I've experimented with creating a narrow-ish notch wherever the kick drum peaks and removing those frequencies entirely from the bass guitar to make room for the kick, but I was wondering if that's a bad idea and I should just be doing db reduction with a normal bell instead. Thoughts?
 
In this particular case I'd rather use a normal band, since a very narrow cut in your bass guitar is unlikely to provide enough space for your kick to breathe. Of course it depends on the source... but I don't use notches that often since the amount of reduction cannot be controlled, and I use them more like a "quick and dirty" fix (e.g. to kill a fizzy peak or two on distorted guitars or basses, especially impulse-based ones) than as an actual clean and non-destructive solution...
 
I've never used a notch filter while mixing. It's a problem solving tool, to use for instance when you get cicada noises doing field recording work or getting some kind of localized, resonant hum out of your tracks. Not much utility for it during mixing.
 
I also use notches very rarely. mathematically speaking notch filter is a band-filter with gain set to minus infinity dB. In reality numbers in computers aren't precise enough to achieve that perfectly - especially in low frequencies. You get -80dB at most if your EQ uses max-precision available in modern processors (so with most plugins usually around -40dB). So only difference between a notch and -40dB cut would be the curve shape (depending on the actual algorithm/circuit used by your EQ).

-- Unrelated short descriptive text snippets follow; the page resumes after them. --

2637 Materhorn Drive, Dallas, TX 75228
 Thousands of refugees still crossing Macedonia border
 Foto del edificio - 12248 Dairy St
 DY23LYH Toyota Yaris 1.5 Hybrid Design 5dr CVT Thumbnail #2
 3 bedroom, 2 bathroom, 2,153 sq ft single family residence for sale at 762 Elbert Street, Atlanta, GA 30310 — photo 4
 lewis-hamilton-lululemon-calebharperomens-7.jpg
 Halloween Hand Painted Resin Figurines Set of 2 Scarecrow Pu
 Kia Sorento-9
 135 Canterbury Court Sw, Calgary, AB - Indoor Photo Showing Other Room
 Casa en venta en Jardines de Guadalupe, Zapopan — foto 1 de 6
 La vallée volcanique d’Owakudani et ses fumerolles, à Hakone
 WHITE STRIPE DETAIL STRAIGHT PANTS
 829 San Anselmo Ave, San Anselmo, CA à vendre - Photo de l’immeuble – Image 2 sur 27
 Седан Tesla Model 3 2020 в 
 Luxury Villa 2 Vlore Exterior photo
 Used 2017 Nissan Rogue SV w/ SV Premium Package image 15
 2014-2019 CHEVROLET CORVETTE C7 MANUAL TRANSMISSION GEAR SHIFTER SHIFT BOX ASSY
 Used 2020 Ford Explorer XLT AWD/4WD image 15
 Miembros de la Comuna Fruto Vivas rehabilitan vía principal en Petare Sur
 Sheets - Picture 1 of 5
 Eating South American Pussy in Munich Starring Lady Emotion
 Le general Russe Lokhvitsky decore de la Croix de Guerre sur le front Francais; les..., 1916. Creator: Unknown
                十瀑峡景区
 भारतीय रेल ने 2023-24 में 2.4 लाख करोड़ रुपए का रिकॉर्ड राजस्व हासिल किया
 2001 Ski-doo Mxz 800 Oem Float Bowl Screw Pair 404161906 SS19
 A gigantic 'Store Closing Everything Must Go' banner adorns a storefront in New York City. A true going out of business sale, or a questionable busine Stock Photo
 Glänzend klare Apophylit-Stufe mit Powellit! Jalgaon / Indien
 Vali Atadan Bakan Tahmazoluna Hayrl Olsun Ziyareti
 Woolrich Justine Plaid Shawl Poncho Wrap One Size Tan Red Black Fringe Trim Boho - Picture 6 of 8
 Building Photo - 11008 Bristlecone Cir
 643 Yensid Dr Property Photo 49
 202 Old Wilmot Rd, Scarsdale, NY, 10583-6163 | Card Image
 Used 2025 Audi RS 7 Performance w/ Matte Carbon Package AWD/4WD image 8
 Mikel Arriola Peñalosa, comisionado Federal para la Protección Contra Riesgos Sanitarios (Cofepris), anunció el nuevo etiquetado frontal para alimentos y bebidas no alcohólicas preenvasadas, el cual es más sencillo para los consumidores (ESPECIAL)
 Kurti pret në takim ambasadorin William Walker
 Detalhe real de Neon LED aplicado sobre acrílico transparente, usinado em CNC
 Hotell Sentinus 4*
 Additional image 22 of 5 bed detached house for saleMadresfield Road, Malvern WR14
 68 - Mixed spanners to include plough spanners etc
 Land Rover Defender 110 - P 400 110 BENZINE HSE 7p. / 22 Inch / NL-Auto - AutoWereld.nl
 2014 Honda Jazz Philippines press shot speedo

I also agree with everything stated above. Band filter gives you a little more freedom with minimal sacrifice (actually none if your EQ supports cuts down to -40dB).

A little math. Cut of -24dB decreases amplitude to 0.061= cca. 6%. If you add that to original 106% is roughly 0.5dB increase. So cutting more than 20dB is basically pointless because you'll not hear a difference in the mix anyway (except maybe more phasing issues).